Here is where I must CONFESS. I can honestly tell you that until recently, I had not had that “money” talk with my children either. I felt so guilty that I almost confessed to a priest. I can’t plead ignorance about the lack of money know how. What has come out of all the guilt is an all day interactive, impactful, and inspiring workshop that I hope will not only transform the lives of my children, but someday the lives of my grandchildren.
The lessons I created go beyond the common financial literacy tips found in most money classes or informational literature. I wanted my children to learn about financial principals that would affect their life decisions to help them create not just more money, but more happiness.

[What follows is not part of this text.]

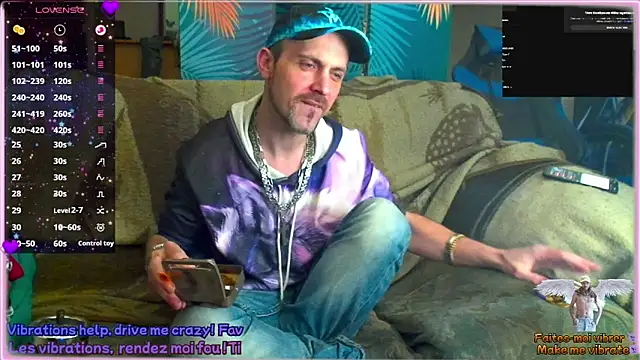 SwatRocShy online show from February 24, 2026, 7:09 am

I call the workshop – The ABC’s of W.E.A.L.T.H. The lessons include: Attitudes, Beliefs, and Confidence about money as well as their Worth, Education, Attraction, Team, and Humility toward life.
So, I ask the question one more time – Is it your obligation to teach your children about money? Or is it the school’s responsibility to teach them? Or do you leave it to chance that they learn about money on their own? Unfortunately, for many people, learning about money on their own will be some of the most painful and expensive lessons they will ever experience.